Un distacco traumatico dalla Corsica, lo scontro con una realtà sconosciuta, la complessione fisica, non imponente, l’accento straniero, il colorito olivastro tipico delle origini mediterranee gli costeranno lo scherno dei compagni. Ecco far breccia in lui momenti di depressione e l’idea della morte. Scrive: “Sempre solo in mezzo agli uomini, io rincaso per sognare con me stesso ed abbandonarmi a tutto l’impero della mia malinconia. Da che parte è rivolta oggi? Verso la morte. Nell’aurora dei miei giorni posso ancora sperare di vivere a lungo… Quale furore mi porta dunque a volere la mia distruzione? Senza dubbio, che fare in questo mondo?
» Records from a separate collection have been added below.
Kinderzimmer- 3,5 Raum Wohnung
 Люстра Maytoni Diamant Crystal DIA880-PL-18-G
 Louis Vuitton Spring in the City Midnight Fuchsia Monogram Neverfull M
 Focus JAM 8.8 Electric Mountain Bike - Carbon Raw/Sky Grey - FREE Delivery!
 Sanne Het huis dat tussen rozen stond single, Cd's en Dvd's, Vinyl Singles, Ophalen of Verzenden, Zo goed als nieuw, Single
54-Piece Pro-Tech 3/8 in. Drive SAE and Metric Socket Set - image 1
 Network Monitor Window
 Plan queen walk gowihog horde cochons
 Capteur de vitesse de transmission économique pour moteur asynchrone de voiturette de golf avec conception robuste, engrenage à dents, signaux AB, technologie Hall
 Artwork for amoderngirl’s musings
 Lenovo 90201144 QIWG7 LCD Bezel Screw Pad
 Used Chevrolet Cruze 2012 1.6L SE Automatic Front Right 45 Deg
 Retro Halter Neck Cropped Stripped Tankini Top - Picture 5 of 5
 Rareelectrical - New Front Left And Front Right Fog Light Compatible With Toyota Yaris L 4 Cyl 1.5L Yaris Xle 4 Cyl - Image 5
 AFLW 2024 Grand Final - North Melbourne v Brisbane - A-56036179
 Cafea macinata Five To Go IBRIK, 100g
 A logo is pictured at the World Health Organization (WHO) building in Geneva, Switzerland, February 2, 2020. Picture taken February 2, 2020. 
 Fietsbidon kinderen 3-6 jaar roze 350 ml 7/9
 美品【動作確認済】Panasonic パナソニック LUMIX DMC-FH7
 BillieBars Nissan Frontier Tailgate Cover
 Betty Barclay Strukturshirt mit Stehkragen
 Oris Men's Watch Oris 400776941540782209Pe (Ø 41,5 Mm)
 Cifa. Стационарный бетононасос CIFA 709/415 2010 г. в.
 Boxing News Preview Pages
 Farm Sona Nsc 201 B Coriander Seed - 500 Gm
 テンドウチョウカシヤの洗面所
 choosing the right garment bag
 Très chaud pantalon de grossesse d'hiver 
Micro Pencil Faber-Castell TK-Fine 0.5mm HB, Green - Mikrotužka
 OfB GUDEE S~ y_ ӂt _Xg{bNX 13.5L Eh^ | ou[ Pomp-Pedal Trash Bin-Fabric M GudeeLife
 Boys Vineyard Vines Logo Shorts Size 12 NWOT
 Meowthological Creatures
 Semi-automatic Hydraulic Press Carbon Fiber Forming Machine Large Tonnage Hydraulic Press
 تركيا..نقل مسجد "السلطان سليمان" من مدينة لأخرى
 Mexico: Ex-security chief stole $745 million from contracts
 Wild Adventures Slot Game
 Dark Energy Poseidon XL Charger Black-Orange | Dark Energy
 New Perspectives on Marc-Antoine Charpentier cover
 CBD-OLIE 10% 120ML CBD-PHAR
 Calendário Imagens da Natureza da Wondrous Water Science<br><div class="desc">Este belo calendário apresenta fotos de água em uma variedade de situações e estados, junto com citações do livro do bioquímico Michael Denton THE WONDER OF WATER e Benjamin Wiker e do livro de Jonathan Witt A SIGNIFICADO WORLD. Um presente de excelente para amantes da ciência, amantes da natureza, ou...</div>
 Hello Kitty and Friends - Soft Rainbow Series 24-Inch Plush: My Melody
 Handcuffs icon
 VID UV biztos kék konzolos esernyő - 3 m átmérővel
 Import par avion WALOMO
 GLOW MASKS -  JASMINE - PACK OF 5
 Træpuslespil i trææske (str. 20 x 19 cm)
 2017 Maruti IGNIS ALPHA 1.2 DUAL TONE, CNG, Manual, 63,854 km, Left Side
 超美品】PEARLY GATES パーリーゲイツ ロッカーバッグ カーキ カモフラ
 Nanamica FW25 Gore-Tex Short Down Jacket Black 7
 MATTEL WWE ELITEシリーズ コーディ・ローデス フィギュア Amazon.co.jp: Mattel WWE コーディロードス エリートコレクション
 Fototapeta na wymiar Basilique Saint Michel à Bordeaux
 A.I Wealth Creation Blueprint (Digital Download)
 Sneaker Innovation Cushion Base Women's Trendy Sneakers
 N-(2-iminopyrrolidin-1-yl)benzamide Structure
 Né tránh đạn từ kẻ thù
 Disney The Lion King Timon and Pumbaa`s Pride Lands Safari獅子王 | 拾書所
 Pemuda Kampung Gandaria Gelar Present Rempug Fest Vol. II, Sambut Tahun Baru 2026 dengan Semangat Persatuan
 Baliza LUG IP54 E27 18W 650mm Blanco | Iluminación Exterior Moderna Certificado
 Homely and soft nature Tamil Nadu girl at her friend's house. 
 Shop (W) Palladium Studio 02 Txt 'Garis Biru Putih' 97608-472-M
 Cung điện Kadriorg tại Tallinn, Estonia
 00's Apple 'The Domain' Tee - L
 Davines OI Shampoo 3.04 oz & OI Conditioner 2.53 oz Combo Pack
Dal momento che devo morire, non è lo stesso uccidersi?”. V. Criscuolo, Cit., pp.7-8.

Dalla sua condizione di isolamento si rifugia anche nella lettura: i classici, le grandi opere del teatro francese e autori settecenteschi, oltre che strategia militare, tecniche d’artiglieria e geografia. Una passione legata alla necessità di spaziare in un mondo tutto suo ma anche all’aspirazione di intraprendere la carriera di scrittore. Vocazione anche questa sentita come strumento per manifestare la sua frustrazione d’origine. Ecco quindi il grande sogno di una storia della Corsica per affermare con forza e imporre agli occhi dell’Europa i diritti dell’isola alla libertà e all’indipendenza. Ma nonostante numerosi tentativi, questi scritti non vedranno mai la luce.
Si manterrà sempre viva però l’avversione per i conquistatori francesi come scrive nelle Lettere sulla Corsica a Raynal: “Quanto gli uomini si sono allontanati dalla natura! Quanto sono vili, spregevoli, abietti! Quale spettacolo vedrò nel mio paese? I miei compatrioti carichi di catene e che baciano tremanti la mano che li opprime… Francesi, non contenti di averci rapito tutto ciò che ci era più caro, avete corrotto i nostri costumi. Il quadro attuale della mia patria e l’impossibilità di cambiarlo è dunque una nuova ragione di fuggire un mondo nel quale sono obbligato per dovere a lodare uomini che devo odiare per virtù”. V. Criscuolo, Cit., pp.17-18.
 
Nel frattempo la sua formazione procede tanto da superare la selezione da borsista per la Scuola reale militare di Parigi. Ha 15 anni e vuole vincere simultaneamente il concorso per accedere ad una scuola d’artiglieria e uno per ottenere il grado di ufficiale. “Una pazzia” gli dice un compagno, “IO LO VOGLIO” risponde Napoleone con la sua anima fiera e vendicatrice: “Nel gennaio 1785, mentre ascolta il prete con il quale si è appena confessato, poiché come tutti i cadetti deve farlo una volta al mese, non può soffocare un ringhio. Il prete lo ammonisce, gli parla della Corsica, della necessità di obbedire al re… D’altronde i corsi – prosegue il prete – sono spesso dei banditi dal carattere troppo fiero. Io non vengo qui per parlare della Corsica – esplode Bonaparte – e un prete non ha il compito di farmi la predica su questo tema. Poi spacca con un pugno la grata che lo separa dal confessore e i due vengono alle mani”. M. Gallo, Cit., p.30.
 
Per il suo professore di belle lettere, Domairon: “È granito scaldato da un vulcano”. Per il professore di Storia, De Lesguille: “È corso di carattere come di nazionalità e andrà lontano se le circostanze lo favoriscono”.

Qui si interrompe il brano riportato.